Tuesday, May 21, 2024

SPC May 21, 2024 2000 UTC Day 1 Convective Outlook

LIVE MAP (ABOVE) ... SPC 2000Z Day 1 Outlook

Day 1 Convective Outlook
NWS Storm Prediction Center Norman OK
0257 PM CDT Tue May 21 2024

Valid 212000Z - 221200Z


An outbreak of severe thunderstorms, including the potential for
strong tornadoes, large hail, and widespread damaging winds, is
expected this afternoon through evening, especially across Iowa,
Missouri to northern Illinois, southeast Minnesota, and southern

...20Z Update...
A broken line of storms with supercells within continues to get
better organized over southwest IA near the surface low, with a
possible meso low developing near Red Oak IA as of 1930Z. Low-level
shear is very favorable for intense tornadic supercells, with 0-500m
SRH over 200 m2/s2 noted on the DMX radar. Pressure falls continue
into this region, along with clearing and further destabilization.
As such, tornadoes appear imminent across much of IA over the next
few hours.

Farther south into eastern KS and northern MO, a very unstable air
mass has developed here as well, with an impressive 18Z TOP
sounding. Steep midlevel lapse rates over 8 C/km with strong
deep-layer shear including 50-60 kt speeds around 700 mb will favor
downstream supercells producing very large hail with tornado risk.

..Jewell.. 05/21/2024

.PREV DISCUSSION... /ISSUED 1140 AM CDT Tue May 21 2024/

...Middle/Lower Missouri Valley and Midwest...
As an outbreak precursor, a well-organized cluster of storms across
south-central/east-central Iowa mid-late this morning has had a
history of producing at least isolated/episodic severe weather since
the predawn hours. These storms are focused along/north of an
outflow-reinforced warm front that will lift northward through late
today into tonight. This will be heavily influenced by a highly
dynamic mass response to a northeast-moving mid-level shortwave
trough that is readily evident in water vapor imagery over the
central High Plains this morning. That said, some short-term
uncertainties exist as of 15z observational data, with gusty
post-convective northeasterly winds still present across
south-central Iowa, which relates to some uncertainty with the
northward extent of the higher-magnitude severe risk across
Minnesota/Wisconsin later today, although latest 16z data features a
recent abatement of those northerly winds.

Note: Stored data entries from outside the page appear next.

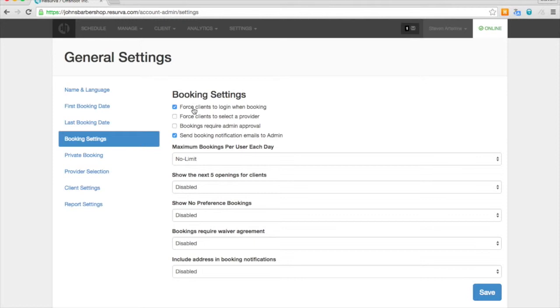This particular feature here, force clients to log in when booking. You have the opportunity to leave that on, which is the default, and give your clients an actual account for the first time they book. Or you can turn it off and they can just enter their name, phone number, and email address when they book.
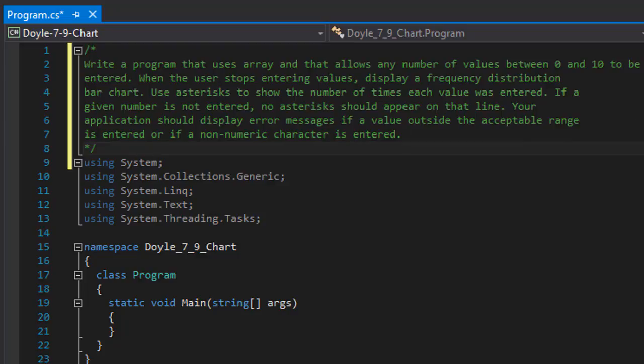If the user doesn't enter a particular number — say, number two — then that line will be blank with no asterisks. Our application should also display error messages if a value is outside the acceptable range or if it's non-numeric.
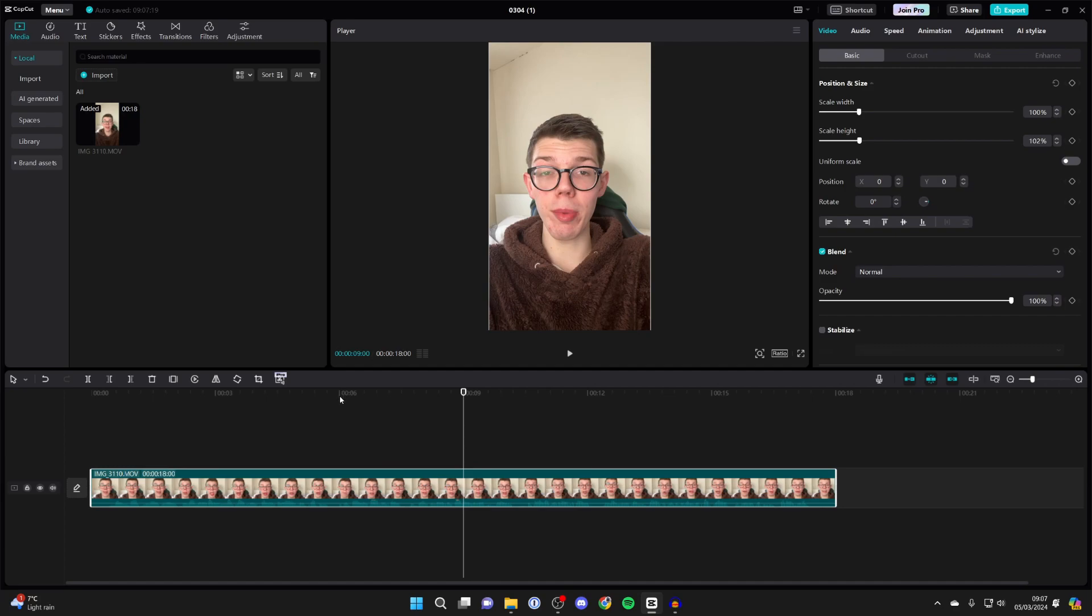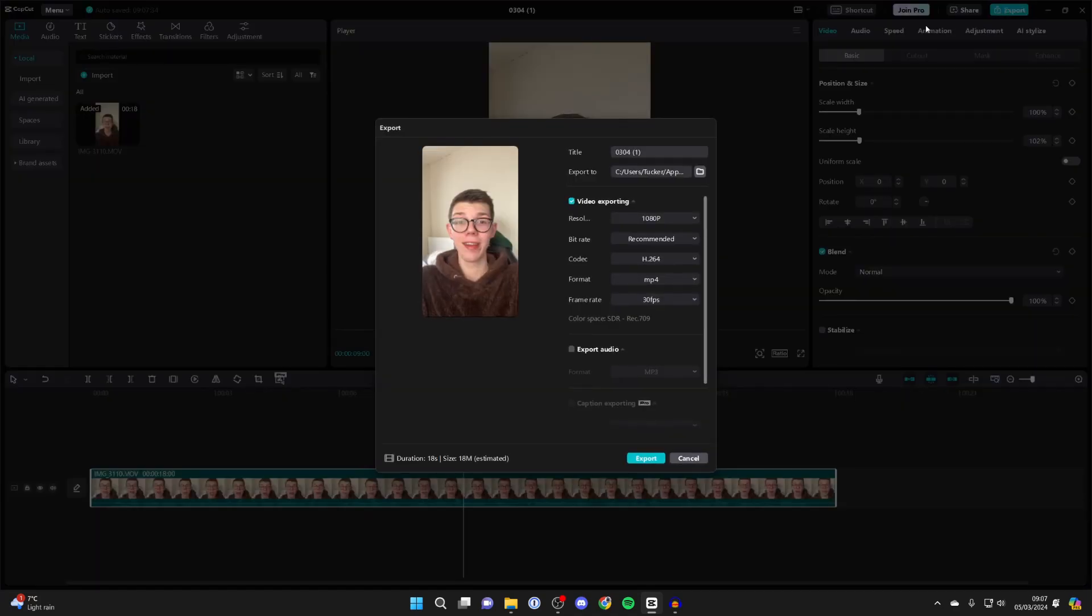However, if you've finished editing your video and now want to save it and maybe publish it on a platform, all you need to do is go to the top right and click on export. You'll get this pop-up where you can choose the name and where you want to export it to.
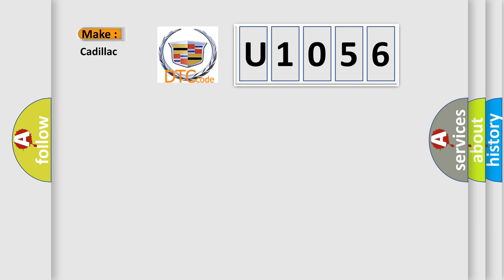So, what does the diagnostic trouble code U1056 interpret specifically for Cadillac car manufacturers?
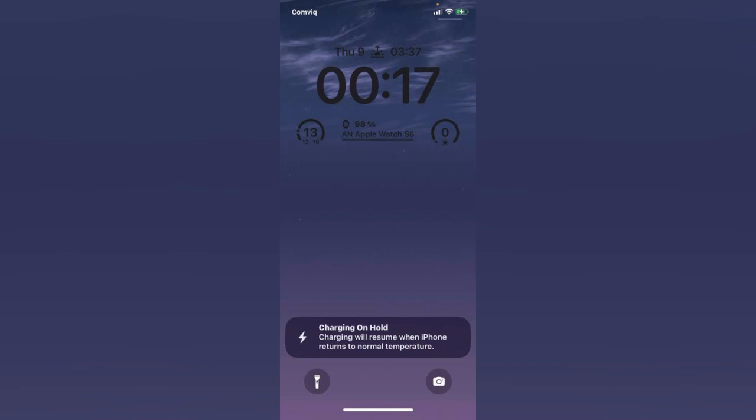In this tutorial I will show you how to fix this issue. So guys let's start this video without wasting any time. The first solution is to turn off optimized battery charging.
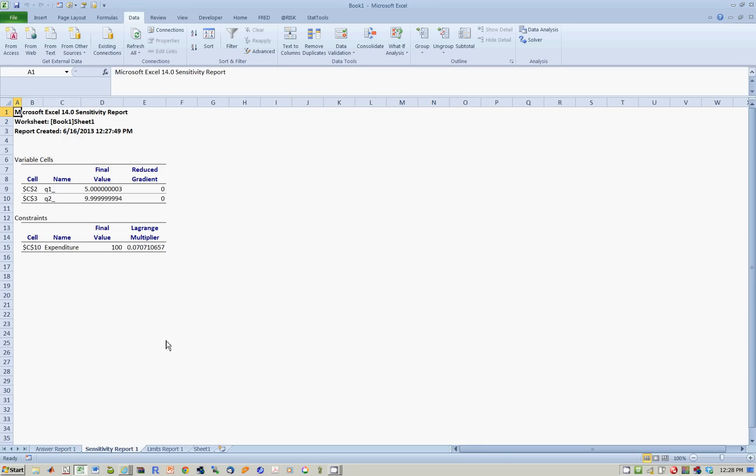If you look at the sensitivity report, it gives you the Lagrange multiplier on expenditure. It tells you expenditure is equal to income, 100. The fact that this number is not 0 tells you that the constraint was that expenditure must be equal to 100.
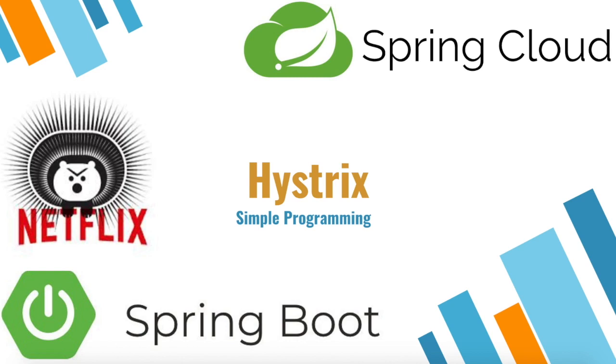Hi guys, welcome to Simple Programming. In this video, let us see how to use Hystrix Circuit Breaker and Hystrix Dashboard.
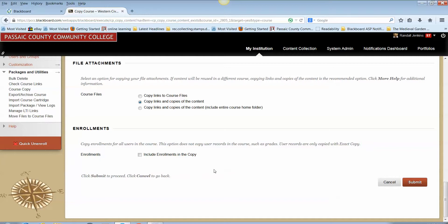Please do not, again, do not select the include enrollments. If you do this, you're going to copy the enrollments from the source course that has probably already finished into the next semester's course or the future course and it will prevent new enrollments from being processed automatically. The Distance Education department processes enrollments for you. You don't need to worry about enrollments in any way, shape, or form. To finish this you simply need to click submit, which I'm not going to do because I have content in that fall semester course already.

Regardless, intense storm development is anticipated into the
afternoon across a broad north/south corridor. A synoptically
evident and regional outbreak-favorable setup exists, especially by
mid/late May standards, highlighted by a coupled upper jet structure
over the Upper Midwest, strengthening deep-layer wind fields, and
steady cyclogenesis from the Nebraska/Kansas border vicinity this
morning northeastward toward the Minnesota/Wisconsin border tonight.
Low-level winds will remain strong diurnally ahead of the primary
cyclone, but a noteworthy strengthening of mid-level winds 3-7 km
AGL (reference 700mb/500mb) will rapidly occur through the
afternoon/evening, which will likely have direct outbreak-relevant
influences on initial supercell intensity, QLCS evolution and
overall fast east-northeastward storm motions later today.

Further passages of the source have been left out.